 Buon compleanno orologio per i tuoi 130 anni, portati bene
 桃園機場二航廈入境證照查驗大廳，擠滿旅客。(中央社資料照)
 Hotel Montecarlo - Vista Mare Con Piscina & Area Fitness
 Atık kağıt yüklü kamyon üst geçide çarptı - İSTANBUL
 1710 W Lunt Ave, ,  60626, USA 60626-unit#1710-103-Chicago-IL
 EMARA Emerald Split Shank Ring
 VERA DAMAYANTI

==

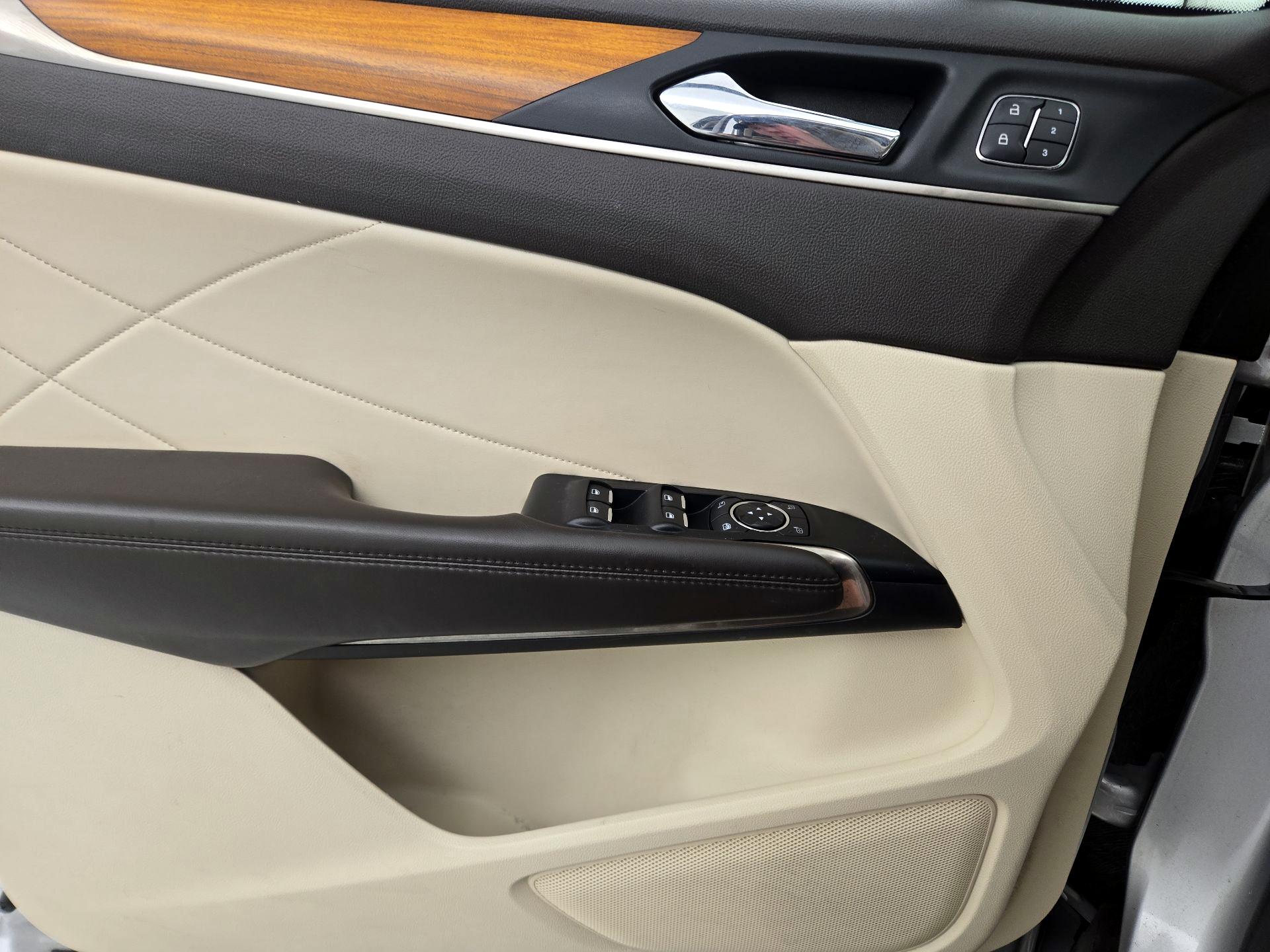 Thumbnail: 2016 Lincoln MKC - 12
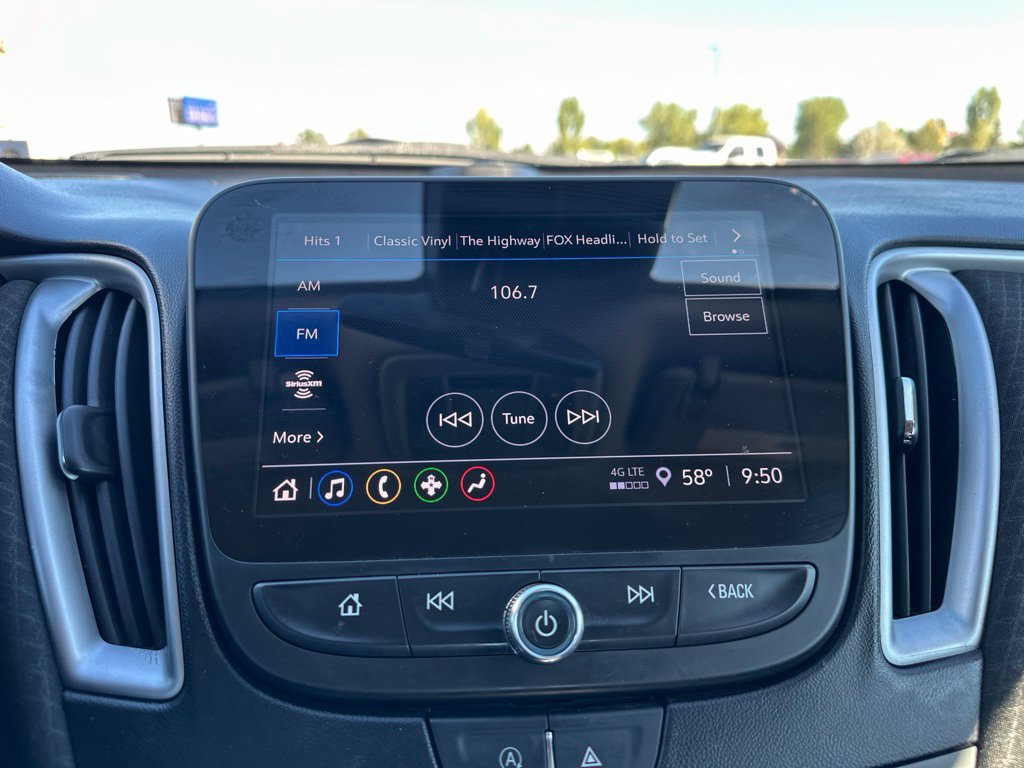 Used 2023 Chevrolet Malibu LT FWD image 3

- [What you should do] In the data above, find the line with "Atık kağıt yüklü" and the line with "VERA DAMAYANTI". Retype both, plus every line between them, exactly.

- [The answer]
 Atık kağıt yüklü kamyon üst geçide çarptı - İSTANBUL
 1710 W Lunt Ave, ,  60626, USA 60626-unit#1710-103-Chicago-IL
 EMARA Emerald Split Shank Ring
 VERA DAMAYANTI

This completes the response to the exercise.